Bantuan tersebut diserahkan langsung oleh Ketua TP-PKK Kota Palu, Diah Puspita Hadianto Rasyid, kepada Ketua Bidang I TP-PKK Kota Padang, Sri Hayati Maigus Nasir, di sebuah rumah makan di Padang, Sabtu (24/1/2026).
"Alhamdulillah, dari para guru dan insan pendidikan Kota Palu berhasil terkumpul donasi sebesar Rp250 juta. Bantuan ini kami salurkan untuk membantu masyarakat yang membutuhkan, khususnya dalam pemulihan sektor pendidikan," ujar Diah Puspita.
Diah menambahkan, penyaluran bantuan serupa sebelumnya juga telah dilakukan ke sejumlah daerah terdampak bencana lainnya, seperti Aceh, Medan, dan Kabupaten Padang Pariaman. "Kami berharap Kota Padang segera pulih dan masyarakatnya tetap kuat serta bersemangat menjalani aktivitas ke depan. Bantuan ini merupakan wujud solidaritas antardaerah, mengingat saat Palu dilanda gempa dan tsunami 2018 lalu, Kota Padang juga turut memberikan bantuan," tambahnya, didampingi Kepala Dinas Pendidikan dan Kebudayaan (Disdikbud) Kota Palu, Hardi.

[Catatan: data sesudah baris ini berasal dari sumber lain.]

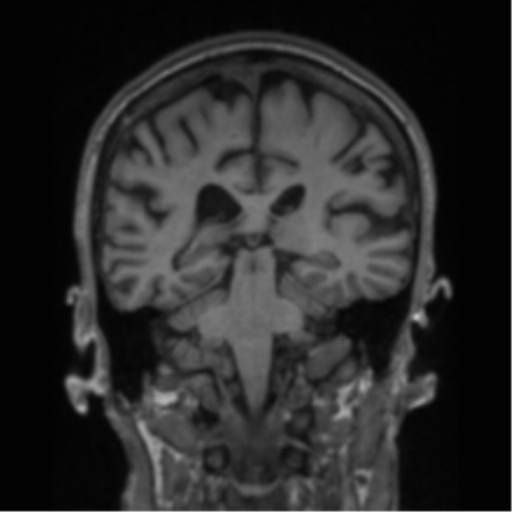 File:Alzheimer's disease- with apraxia (Radiopaedia 54763-61011 Coronal T1 41).png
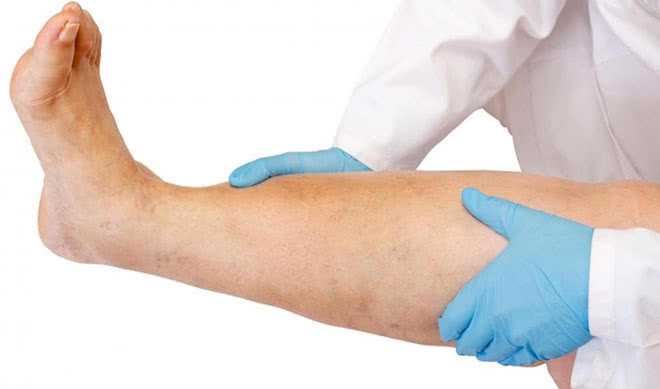 Отеки ног при сахарном диабете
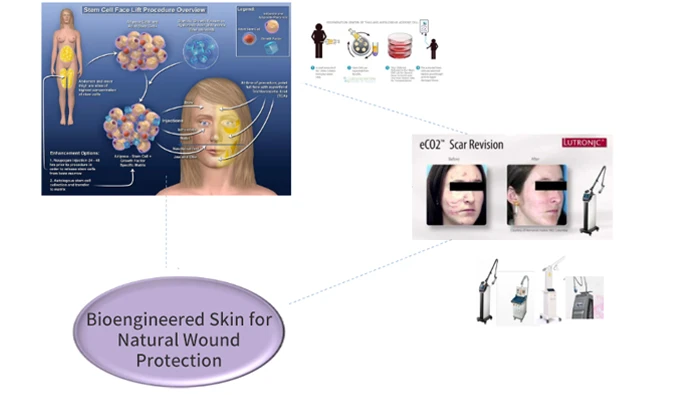 TheLINE SVF scar treatment full-layer skin remodeling - TheLINE Plastic Surgery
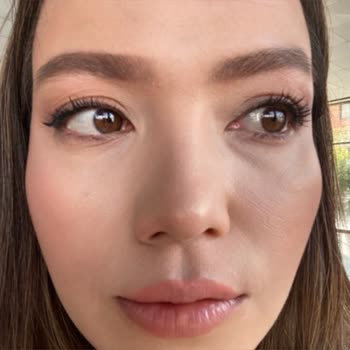 Loreal Paris Maskara Kullanımı Sonrası Ciddi Alerjik Reaksiyon Yaşadım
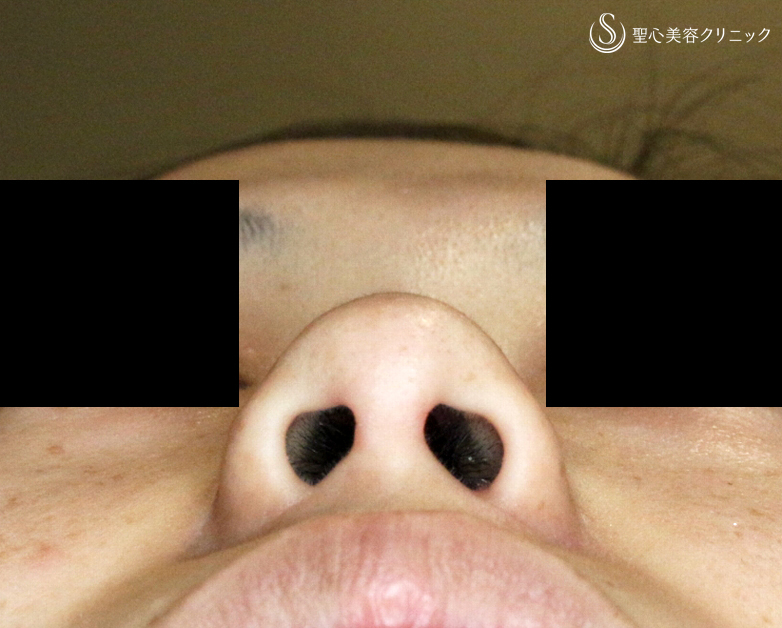 【30代女性・正面から鼻の穴が見える大きな鼻】小鼻縮小術+α法（4ヶ月後） After 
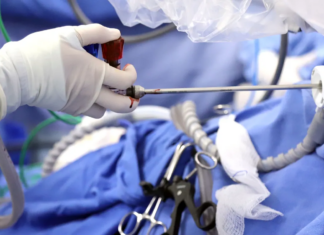 IMSS realiza exitosa cirugía robótica contra cáncer de endometrio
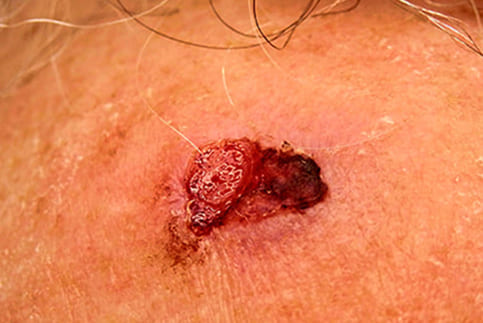 Squamous Cell Carcinoma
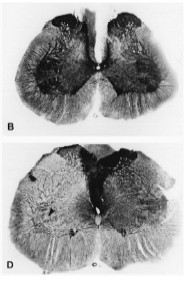 LESIONI NEUROTOSSICHE SELETTIVE Si avvalgono dell utilizzo di sostanze citotossiche, cioè in grado di uccidere le cellule una volta al loro interno.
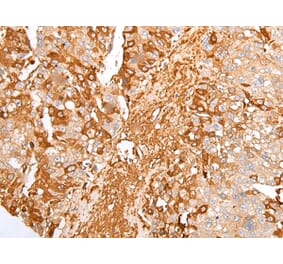 Immunohistochemistry - A2M Antibody from Signalway Antibody (43304) - Antibodies.com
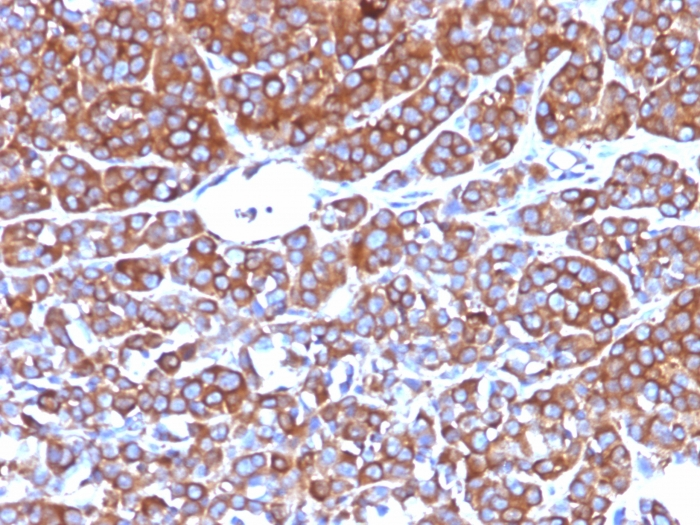 IHC-P analysis of human melanoma tissue using GTX34848 Moesin antibody [MSN/492].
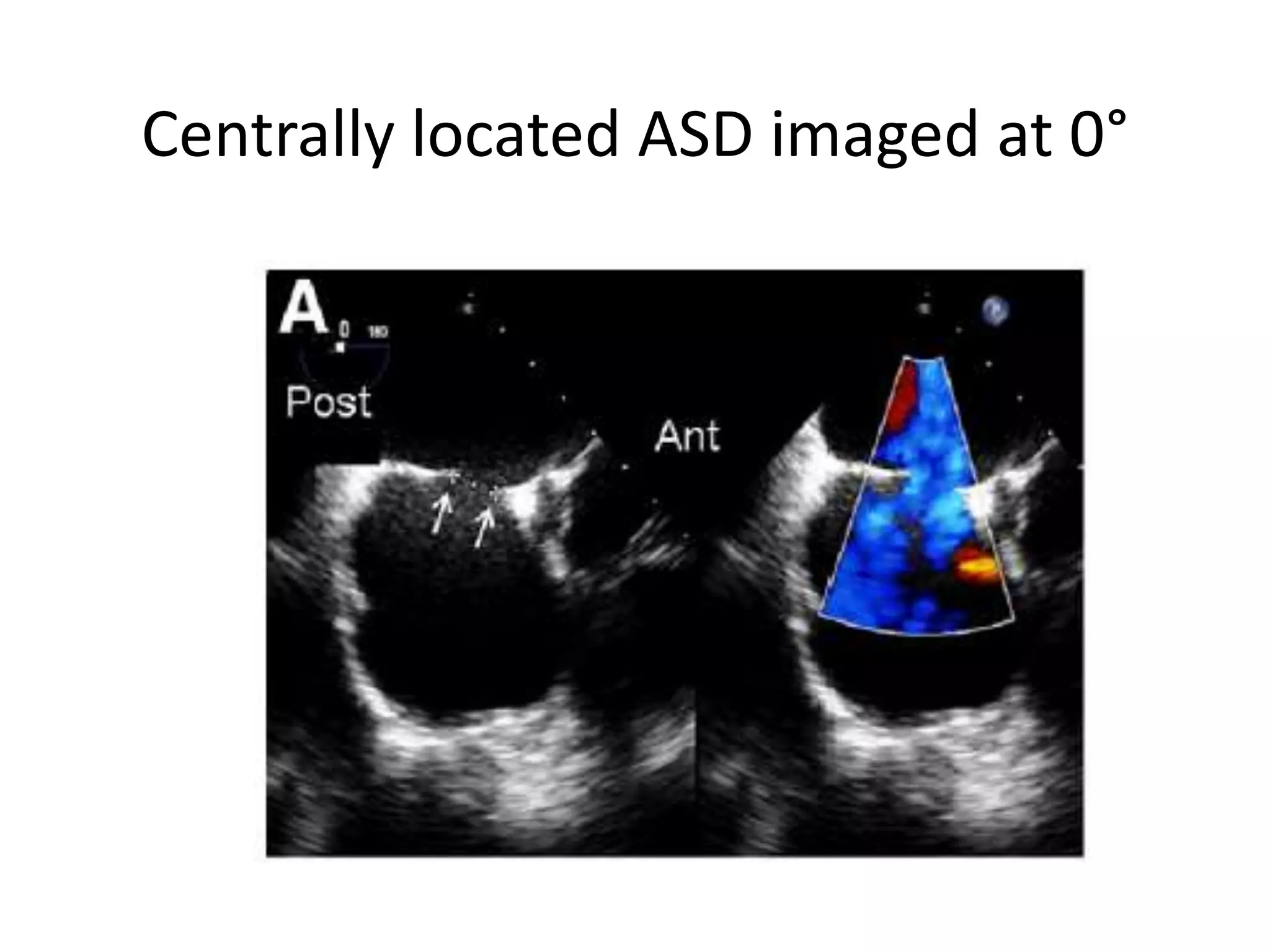Centrally located ASD imaged at 0°
 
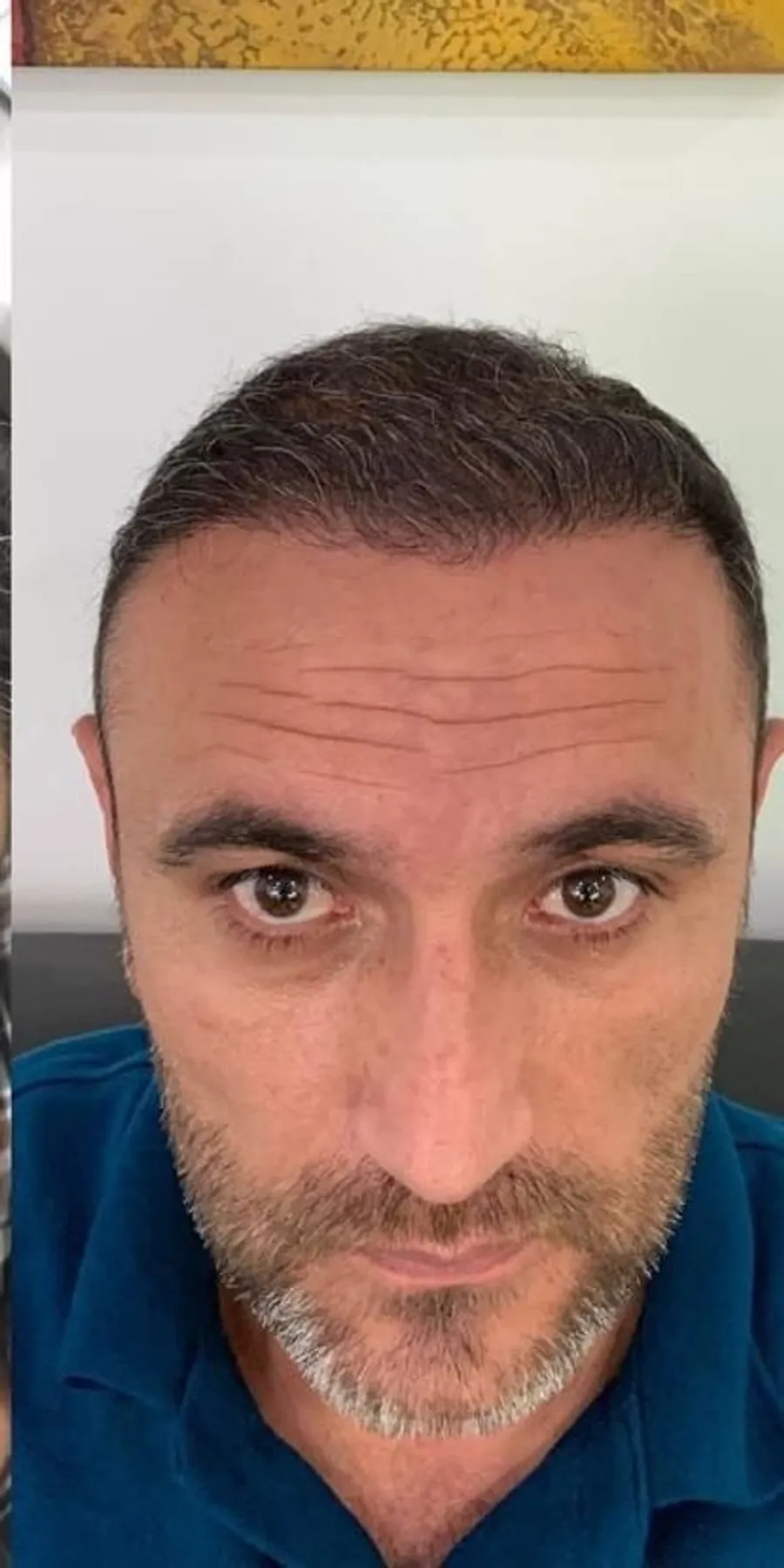 Male FUE, hairline & crown, after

Sri Hayati Maigus Nasir, mewakili Ketua TP-PKK Kota Padang, menyampaikan apresiasi dan terima kasih atas kepedulian Pemerintah Kota Palu beserta insan pendidikan yang telah berinisiatif memberikan bantuan. "Alhamdulillah, bantuan ini sangat berarti bagi kami, mengingat cukup banyak infrastruktur pendidikan yang mengalami kerusakan akibat bencana," ungkapnya.
Ia berharap bantuan tersebut dapat menjadi stimulus pemulihan sektor pendidikan di Kota Padang pascabencana. "Semoga Kota Padang dapat segera bangkit dan menata kembali dunia pendidikan. Terima kasih kepada Kota Palu, semoga seluruh jajaran pemerintahannya senantiasa sehat dan dilimpahkan rezeki," tutur Sri Hayati, didampingi Sekretaris Disdikbud Kota Padang, Nurfitri.
Usai prosesi penyerahan bantuan, rombongan dari kedua pihak meninjau langsung sejumlah lokasi terdampak bencana. Diantaranya SD Negeri 49 Batang Kabung yang hanyut akibat banjir bandang pada akhir November 2025, serta Puskesmas Pembantu (Pustu) Batang Kabung yang saat ini difungsikan sebagai sekolah sementara bagi siswa SDN 49 Batang Kabung.